* AIM OF THE TASK *
Only one part of the listing is needed: the lines from the one with "35 Waterstone Drive" through the last line, copied exactly and free of pictures.

* INFORMATION SHOWN *

[Start of Attachment]

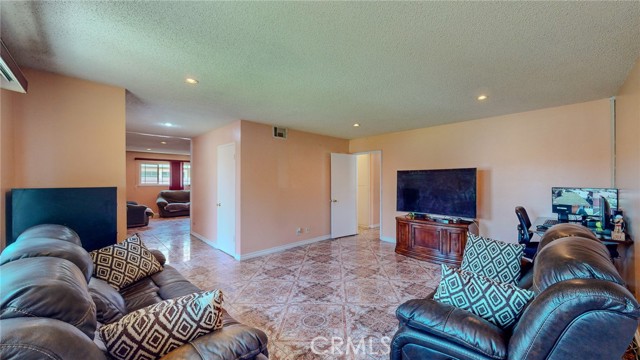 Detail Gallery Image 2 of 52 For 9291 Pico Vista Rd, Downey,  CA 90240 - 3 Beds | 2 Baths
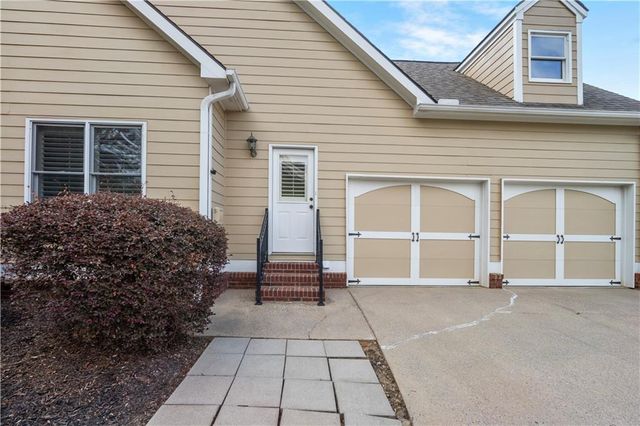 35 Waterstone Drive SE, Cartersville, GA 30121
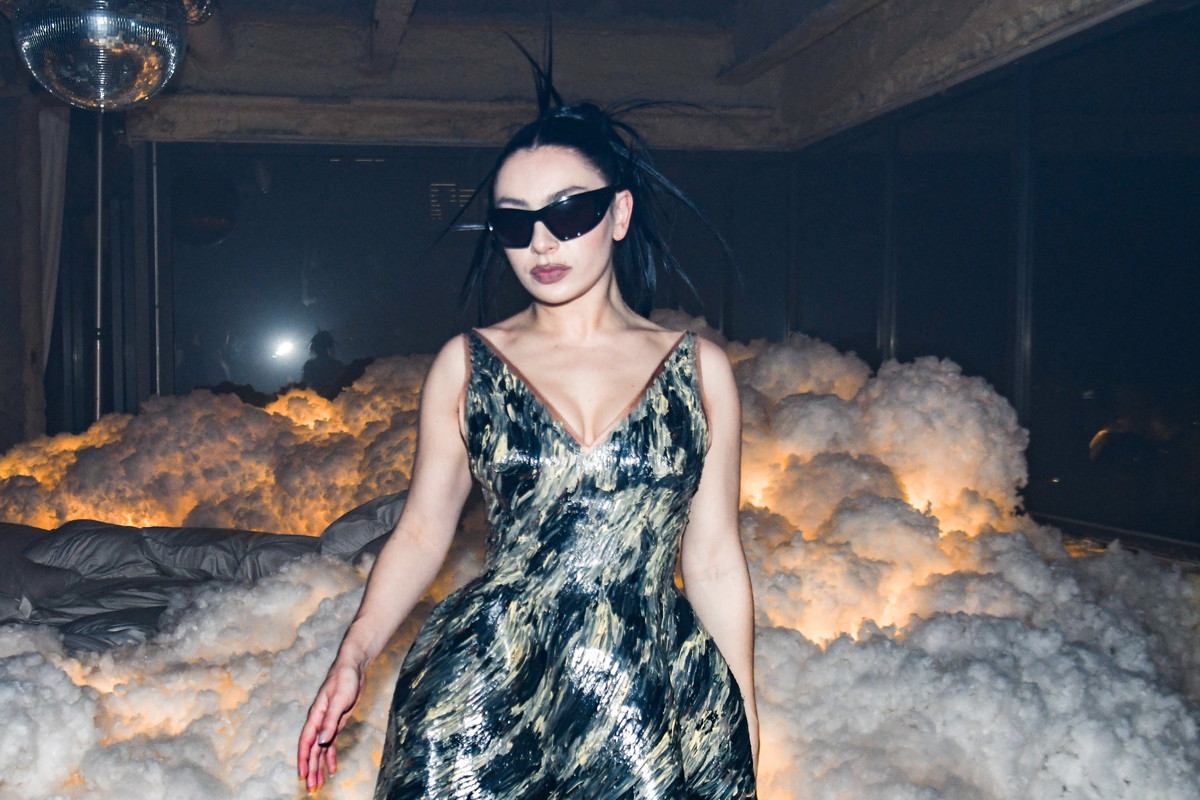 Brat summer to nie tylko najgłośniejszy trend tego lata, ale i stan umysłu. Co kryje się za wiralowym hasłem wylansowanym przez Charli XCX?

[End of Attachment]

* WRITTEN ANSWER *
 35 Waterstone Drive SE, Cartersville, GA 30121
 Brat summer to nie tylko najgłośniejszy trend tego lata, ale i stan umysłu. Co kryje się za wiralowym hasłem wylansowanym przez Charli XCX?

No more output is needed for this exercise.